» The task: Repeat every entry below exactly as given.
[Data to examine — start]
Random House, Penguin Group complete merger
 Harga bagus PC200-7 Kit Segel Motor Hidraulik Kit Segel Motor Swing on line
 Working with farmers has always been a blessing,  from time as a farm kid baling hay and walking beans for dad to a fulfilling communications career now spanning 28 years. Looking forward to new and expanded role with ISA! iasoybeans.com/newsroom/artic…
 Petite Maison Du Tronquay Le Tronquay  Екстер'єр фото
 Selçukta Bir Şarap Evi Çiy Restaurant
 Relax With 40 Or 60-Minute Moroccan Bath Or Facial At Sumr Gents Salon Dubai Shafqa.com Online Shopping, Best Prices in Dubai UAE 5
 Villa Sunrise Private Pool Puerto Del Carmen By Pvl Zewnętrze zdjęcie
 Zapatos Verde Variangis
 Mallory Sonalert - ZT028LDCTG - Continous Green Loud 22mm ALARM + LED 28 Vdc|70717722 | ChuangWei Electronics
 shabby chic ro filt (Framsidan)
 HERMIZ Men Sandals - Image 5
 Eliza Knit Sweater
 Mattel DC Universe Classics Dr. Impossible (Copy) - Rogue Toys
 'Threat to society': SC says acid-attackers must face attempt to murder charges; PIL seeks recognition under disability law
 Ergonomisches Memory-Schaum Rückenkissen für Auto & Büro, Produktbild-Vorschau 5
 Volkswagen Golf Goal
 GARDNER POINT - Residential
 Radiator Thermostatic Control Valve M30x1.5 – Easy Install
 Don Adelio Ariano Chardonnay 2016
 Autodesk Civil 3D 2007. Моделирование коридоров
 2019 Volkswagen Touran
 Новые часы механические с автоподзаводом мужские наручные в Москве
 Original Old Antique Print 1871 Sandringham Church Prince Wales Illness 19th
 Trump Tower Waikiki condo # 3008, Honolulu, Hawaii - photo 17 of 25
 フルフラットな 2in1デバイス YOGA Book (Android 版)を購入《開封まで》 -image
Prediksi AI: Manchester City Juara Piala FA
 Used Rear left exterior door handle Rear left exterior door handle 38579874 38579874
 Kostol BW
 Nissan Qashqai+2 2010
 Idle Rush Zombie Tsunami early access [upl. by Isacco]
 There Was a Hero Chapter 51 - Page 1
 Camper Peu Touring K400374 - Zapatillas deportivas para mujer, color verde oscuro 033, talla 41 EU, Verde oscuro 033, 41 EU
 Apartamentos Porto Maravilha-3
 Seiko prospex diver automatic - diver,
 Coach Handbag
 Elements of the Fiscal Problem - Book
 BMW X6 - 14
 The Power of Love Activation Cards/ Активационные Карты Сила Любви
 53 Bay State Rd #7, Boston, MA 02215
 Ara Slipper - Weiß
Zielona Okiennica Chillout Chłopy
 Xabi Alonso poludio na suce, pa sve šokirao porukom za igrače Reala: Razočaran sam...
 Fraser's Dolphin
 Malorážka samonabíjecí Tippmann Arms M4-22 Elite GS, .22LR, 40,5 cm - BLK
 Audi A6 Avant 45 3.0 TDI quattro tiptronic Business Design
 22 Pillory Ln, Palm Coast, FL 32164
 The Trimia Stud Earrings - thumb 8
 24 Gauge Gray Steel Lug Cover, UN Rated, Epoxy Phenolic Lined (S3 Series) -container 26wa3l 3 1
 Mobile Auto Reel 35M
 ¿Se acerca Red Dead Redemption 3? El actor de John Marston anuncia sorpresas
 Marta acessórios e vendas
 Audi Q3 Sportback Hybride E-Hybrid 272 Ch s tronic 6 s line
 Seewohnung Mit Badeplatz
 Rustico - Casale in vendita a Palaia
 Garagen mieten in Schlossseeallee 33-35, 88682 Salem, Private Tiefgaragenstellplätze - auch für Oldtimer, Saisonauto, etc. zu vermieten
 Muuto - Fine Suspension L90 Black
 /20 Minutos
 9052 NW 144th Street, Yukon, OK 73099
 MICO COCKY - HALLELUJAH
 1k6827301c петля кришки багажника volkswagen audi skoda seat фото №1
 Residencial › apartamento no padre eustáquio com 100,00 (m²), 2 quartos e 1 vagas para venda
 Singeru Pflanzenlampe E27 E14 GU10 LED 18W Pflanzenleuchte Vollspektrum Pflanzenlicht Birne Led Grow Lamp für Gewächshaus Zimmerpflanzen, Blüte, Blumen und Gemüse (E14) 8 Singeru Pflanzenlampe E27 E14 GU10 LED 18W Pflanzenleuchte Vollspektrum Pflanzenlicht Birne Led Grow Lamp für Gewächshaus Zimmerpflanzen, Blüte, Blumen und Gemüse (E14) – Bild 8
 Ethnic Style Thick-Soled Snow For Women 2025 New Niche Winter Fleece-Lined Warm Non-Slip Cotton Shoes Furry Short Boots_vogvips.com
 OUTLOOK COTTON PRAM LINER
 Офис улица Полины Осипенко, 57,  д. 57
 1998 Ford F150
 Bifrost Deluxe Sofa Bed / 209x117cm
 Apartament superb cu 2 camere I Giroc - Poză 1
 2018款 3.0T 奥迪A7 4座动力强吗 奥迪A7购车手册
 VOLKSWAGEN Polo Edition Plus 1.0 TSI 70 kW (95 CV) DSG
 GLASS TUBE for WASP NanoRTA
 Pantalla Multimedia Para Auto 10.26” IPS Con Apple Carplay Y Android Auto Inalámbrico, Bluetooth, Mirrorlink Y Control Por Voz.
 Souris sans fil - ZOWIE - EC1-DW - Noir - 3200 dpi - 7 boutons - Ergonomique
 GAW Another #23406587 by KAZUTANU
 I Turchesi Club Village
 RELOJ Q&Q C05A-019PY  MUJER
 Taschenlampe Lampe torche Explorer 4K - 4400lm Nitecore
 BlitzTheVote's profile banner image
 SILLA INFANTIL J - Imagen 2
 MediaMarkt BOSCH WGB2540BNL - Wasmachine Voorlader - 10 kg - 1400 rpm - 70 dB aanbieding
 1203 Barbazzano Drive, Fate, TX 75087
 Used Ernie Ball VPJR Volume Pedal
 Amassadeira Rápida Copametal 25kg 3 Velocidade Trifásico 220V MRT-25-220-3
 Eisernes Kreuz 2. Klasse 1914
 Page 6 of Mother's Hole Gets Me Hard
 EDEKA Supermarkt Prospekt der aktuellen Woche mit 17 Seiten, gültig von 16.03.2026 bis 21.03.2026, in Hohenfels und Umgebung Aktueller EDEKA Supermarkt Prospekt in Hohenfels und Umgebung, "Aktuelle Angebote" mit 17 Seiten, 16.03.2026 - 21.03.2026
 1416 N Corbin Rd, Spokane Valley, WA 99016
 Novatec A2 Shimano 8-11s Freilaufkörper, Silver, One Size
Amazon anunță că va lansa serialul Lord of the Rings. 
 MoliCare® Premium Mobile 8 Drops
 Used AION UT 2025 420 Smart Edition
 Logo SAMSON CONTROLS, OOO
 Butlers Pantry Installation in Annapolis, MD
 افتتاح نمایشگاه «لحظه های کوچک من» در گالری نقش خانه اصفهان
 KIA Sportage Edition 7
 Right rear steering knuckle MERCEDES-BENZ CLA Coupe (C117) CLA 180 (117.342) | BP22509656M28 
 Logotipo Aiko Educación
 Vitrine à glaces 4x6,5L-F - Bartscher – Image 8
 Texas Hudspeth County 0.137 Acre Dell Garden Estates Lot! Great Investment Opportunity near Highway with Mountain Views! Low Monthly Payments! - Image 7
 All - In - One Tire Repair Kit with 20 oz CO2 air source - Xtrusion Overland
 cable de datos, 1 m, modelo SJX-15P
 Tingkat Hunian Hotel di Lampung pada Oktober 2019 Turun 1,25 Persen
[Data to examine — finish]
» Result of the exercise:
Random House, Penguin Group complete merger
 Harga bagus PC200-7 Kit Segel Motor Hidraulik Kit Segel Motor Swing on line
 Working with farmers has always been a blessing,  from time as a farm kid baling hay and walking beans for dad to a fulfilling communications career now spanning 28 years. Looking forward to new and expanded role with ISA! iasoybeans.com/newsroom/artic…
 Petite Maison Du Tronquay Le Tronquay  Екстер'єр фото
 Selçukta Bir Şarap Evi Çiy Restaurant
 Relax With 40 Or 60-Minute Moroccan Bath Or Facial At Sumr Gents Salon Dubai Shafqa.com Online Shopping, Best Prices in Dubai UAE 5
 Villa Sunrise Private Pool Puerto Del Carmen By Pvl Zewnętrze zdjęcie
 Zapatos Verde Variangis
 Mallory Sonalert - ZT028LDCTG - Continous Green Loud 22mm ALARM + LED 28 Vdc|70717722 | ChuangWei Electronics
 shabby chic ro filt (Framsidan)
 HERMIZ Men Sandals - Image 5
 Eliza Knit Sweater
 Mattel DC Universe Classics Dr. Impossible (Copy) - Rogue Toys
 'Threat to society': SC says acid-attackers must face attempt to murder charges; PIL seeks recognition under disability law
 Ergonomisches Memory-Schaum Rückenkissen für Auto & Büro, Produktbild-Vorschau 5
 Volkswagen Golf Goal
 GARDNER POINT - Residential
 Radiator Thermostatic Control Valve M30x1.5 – Easy Install
 Don Adelio Ariano Chardonnay 2016
 Autodesk Civil 3D 2007. Моделирование коридоров
 2019 Volkswagen Touran
 Новые часы механические с автоподзаводом мужские наручные в Москве
 Original Old Antique Print 1871 Sandringham Church Prince Wales Illness 19th
 Trump Tower Waikiki condo # 3008, Honolulu, Hawaii - photo 17 of 25
 フルフラットな 2in1デバイス YOGA Book (Android 版)を購入《開封まで》 -image
Prediksi AI: Manchester City Juara Piala FA
 Used Rear left exterior door handle Rear left exterior door handle 38579874 38579874
 Kostol BW
 Nissan Qashqai+2 2010
 Idle Rush Zombie Tsunami early access [upl. by Isacco]
 There Was a Hero Chapter 51 - Page 1
 Camper Peu Touring K400374 - Zapatillas deportivas para mujer, color verde oscuro 033, talla 41 EU, Verde oscuro 033, 41 EU
 Apartamentos Porto Maravilha-3
 Seiko prospex diver automatic - diver,
 Coach Handbag
 Elements of the Fiscal Problem - Book
 BMW X6 - 14
 The Power of Love Activation Cards/ Активационные Карты Сила Любви
 53 Bay State Rd #7, Boston, MA 02215
 Ara Slipper - Weiß
Zielona Okiennica Chillout Chłopy
 Xabi Alonso poludio na suce, pa sve šokirao porukom za igrače Reala: Razočaran sam...
 Fraser's Dolphin
 Malorážka samonabíjecí Tippmann Arms M4-22 Elite GS, .22LR, 40,5 cm - BLK
 Audi A6 Avant 45 3.0 TDI quattro tiptronic Business Design
 22 Pillory Ln, Palm Coast, FL 32164
 The Trimia Stud Earrings - thumb 8
 24 Gauge Gray Steel Lug Cover, UN Rated, Epoxy Phenolic Lined (S3 Series) -container 26wa3l 3 1
 Mobile Auto Reel 35M
 ¿Se acerca Red Dead Redemption 3? El actor de John Marston anuncia sorpresas
 Marta acessórios e vendas
 Audi Q3 Sportback Hybride E-Hybrid 272 Ch s tronic 6 s line
 Seewohnung Mit Badeplatz
 Rustico - Casale in vendita a Palaia
 Garagen mieten in Schlossseeallee 33-35, 88682 Salem, Private Tiefgaragenstellplätze - auch für Oldtimer, Saisonauto, etc. zu vermieten
 Muuto - Fine Suspension L90 Black
 /20 Minutos
 9052 NW 144th Street, Yukon, OK 73099
 MICO COCKY - HALLELUJAH
 1k6827301c петля кришки багажника volkswagen audi skoda seat фото №1
 Residencial › apartamento no padre eustáquio com 100,00 (m²), 2 quartos e 1 vagas para venda
 Singeru Pflanzenlampe E27 E14 GU10 LED 18W Pflanzenleuchte Vollspektrum Pflanzenlicht Birne Led Grow Lamp für Gewächshaus Zimmerpflanzen, Blüte, Blumen und Gemüse (E14) 8 Singeru Pflanzenlampe E27 E14 GU10 LED 18W Pflanzenleuchte Vollspektrum Pflanzenlicht Birne Led Grow Lamp für Gewächshaus Zimmerpflanzen, Blüte, Blumen und Gemüse (E14) – Bild 8
 Ethnic Style Thick-Soled Snow For Women 2025 New Niche Winter Fleece-Lined Warm Non-Slip Cotton Shoes Furry Short Boots_vogvips.com
 OUTLOOK COTTON PRAM LINER
 Офис улица Полины Осипенко, 57,  д. 57
 1998 Ford F150
 Bifrost Deluxe Sofa Bed / 209x117cm
 Apartament superb cu 2 camere I Giroc - Poză 1
 2018款 3.0T 奥迪A7 4座动力强吗 奥迪A7购车手册
 VOLKSWAGEN Polo Edition Plus 1.0 TSI 70 kW (95 CV) DSG
 GLASS TUBE for WASP NanoRTA
 Pantalla Multimedia Para Auto 10.26” IPS Con Apple Carplay Y Android Auto Inalámbrico, Bluetooth, Mirrorlink Y Control Por Voz.
 Souris sans fil - ZOWIE - EC1-DW - Noir - 3200 dpi - 7 boutons - Ergonomique
 GAW Another #23406587 by KAZUTANU
 I Turchesi Club Village
 RELOJ Q&Q C05A-019PY  MUJER
 Taschenlampe Lampe torche Explorer 4K - 4400lm Nitecore
 BlitzTheVote's profile banner image
 SILLA INFANTIL J - Imagen 2
 MediaMarkt BOSCH WGB2540BNL - Wasmachine Voorlader - 10 kg - 1400 rpm - 70 dB aanbieding
 1203 Barbazzano Drive, Fate, TX 75087
 Used Ernie Ball VPJR Volume Pedal
 Amassadeira Rápida Copametal 25kg 3 Velocidade Trifásico 220V MRT-25-220-3
 Eisernes Kreuz 2. Klasse 1914
 Page 6 of Mother's Hole Gets Me Hard
 EDEKA Supermarkt Prospekt der aktuellen Woche mit 17 Seiten, gültig von 16.03.2026 bis 21.03.2026, in Hohenfels und Umgebung Aktueller EDEKA Supermarkt Prospekt in Hohenfels und Umgebung, "Aktuelle Angebote" mit 17 Seiten, 16.03.2026 - 21.03.2026
 1416 N Corbin Rd, Spokane Valley, WA 99016
 Novatec A2 Shimano 8-11s Freilaufkörper, Silver, One Size
Amazon anunță că va lansa serialul Lord of the Rings. 
 MoliCare® Premium Mobile 8 Drops
 Used AION UT 2025 420 Smart Edition
 Logo SAMSON CONTROLS, OOO
 Butlers Pantry Installation in Annapolis, MD
 افتتاح نمایشگاه «لحظه های کوچک من» در گالری نقش خانه اصفهان
 KIA Sportage Edition 7
 Right rear steering knuckle MERCEDES-BENZ CLA Coupe (C117) CLA 180 (117.342) | BP22509656M28 
 Logotipo Aiko Educación
 Vitrine à glaces 4x6,5L-F - Bartscher – Image 8
 Texas Hudspeth County 0.137 Acre Dell Garden Estates Lot! Great Investment Opportunity near Highway with Mountain Views! Low Monthly Payments! - Image 7
 All - In - One Tire Repair Kit with 20 oz CO2 air source - Xtrusion Overland
 cable de datos, 1 m, modelo SJX-15P
 Tingkat Hunian Hotel di Lampung pada Oktober 2019 Turun 1,25 Persen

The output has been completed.